Coconut-Blood Orange Blanc Manger

Blanc manger, also spelled blancmange, is a French milk jelly, quite similar to a panna cotta, but set using gelled cornstarch instead of bloomed gelatin. The result of it is a slightly firmer consistency, and a creaminess that lingers longer(try saying that phrase three times fast) than a panna cotta would have. It is quite a popular dessert in both France and Japan, and I wanted to try my hand at making a dainty, fun little dessert that featured it! To deviate from tradition almost immediately, I made my blanc manger with primarily coconut milk and a little bit of additional soy milk just to thin it out. I also wanted to do a two-toned jelly situation, so I went with a blood orange gelee, which rests on top of the blanc manger to give it a vibrant and distinct color contrast. It sort of looked like a Pokeball, with the red on white coloration, but I was really just going for colors that would stand out against one another, and I love the vibrant red of blood orange, as well as the acidity is has against a creamy, neutral coconut. I was also fortunate enough to be gifted a vanilla bean, which are very expensive, so I wanted to try my hand at infusing it into the blanc manger, just to give it a gorgeous vanilla aroma, as well as aesthetically pleasing vanilla “freckles”, just to let the people eating this know that actual vanilla was used in the making of this dessert.

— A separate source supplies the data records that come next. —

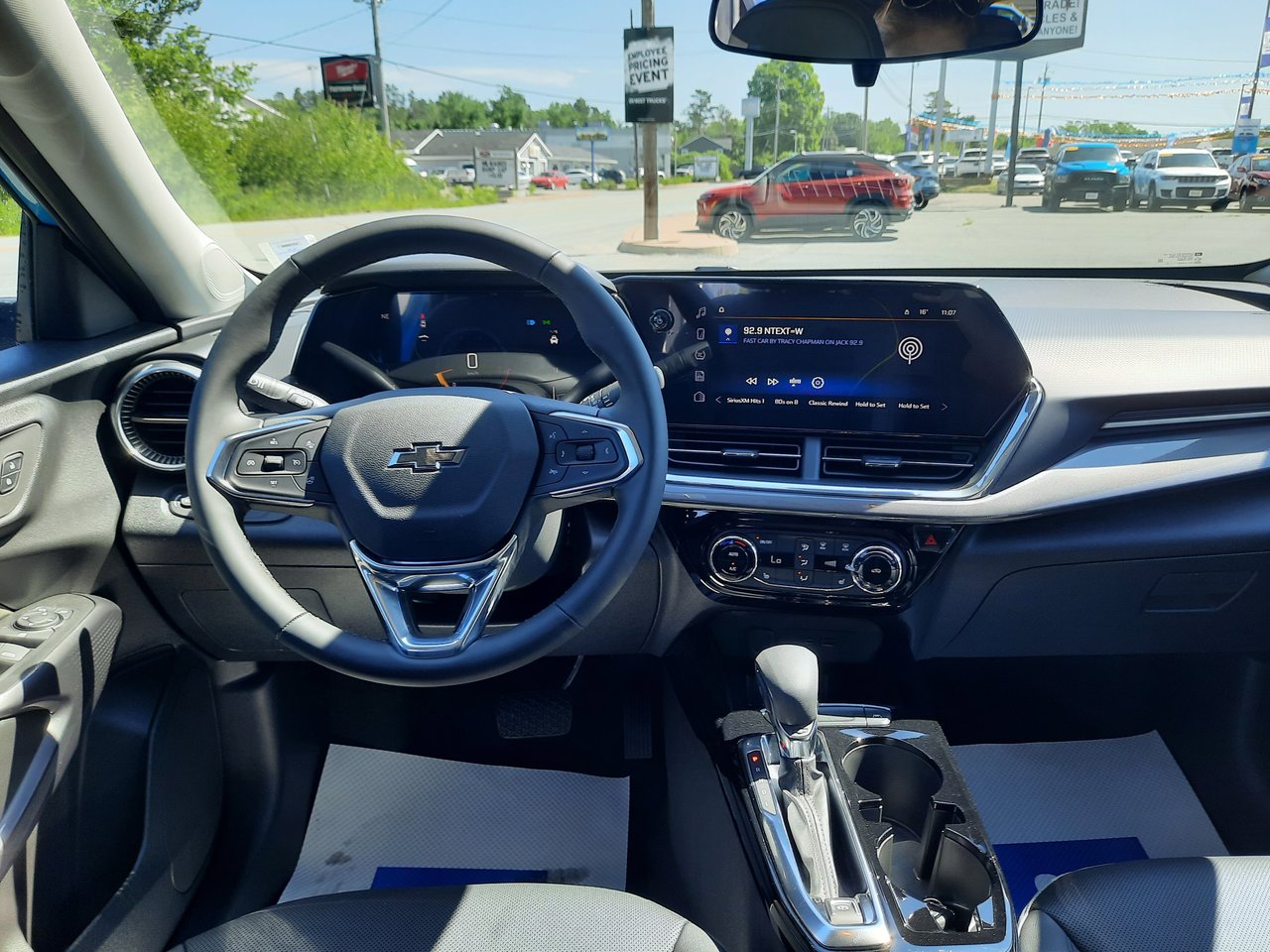 2025 Chevrolet Trax ACTIV-26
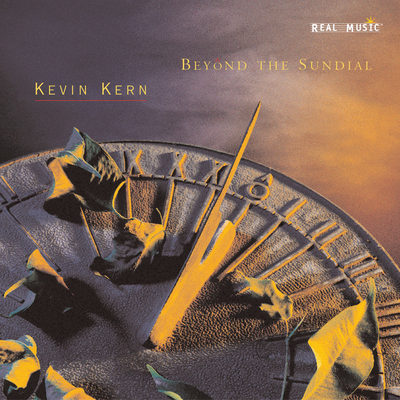 Beyond the Sundial's cover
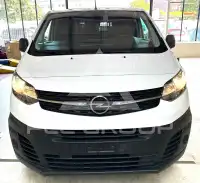 2022 Opel Vivaro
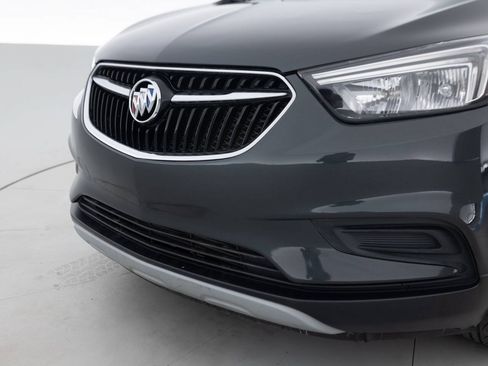 Used 2018 Buick Encore Preferred FWD image 16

With the other components, I went with a blood orange curd, to add more red on the plate, and to give another bit of acid and contrast to the creaminess of the coconut. And for the top garnish, I went with these coconut tuiles as well, made by whisking hot water with coconut flour and cornstarch, then cooked in a hot pan with coconut oil, resulting in this thin, coconut wafer to add both height and a little bit of texture to the dessert. What I love about these wafers are that they were super feathery and light, and the process of making them is the same as a coral tuile, which are fun garnishes to make when you want that height and texture, but you don’t want to waste time turning on your oven. The tuiles being cooked 100% in the pan results in them having this golden-brown texture and a lovely caramelization to them – also being made by coconut flour gives them a toasted coconut flavor, which is always welcome in a coconut dessert in all ways, shapes, and capacities! Overall, this was a fun and surprisingly simple dessert to make, using one of my favorite flavor combinations, being coconut and citrus! Additionally, it came out as a vegan AND gluten-free dessert, which was always a fun and pleasant surprise!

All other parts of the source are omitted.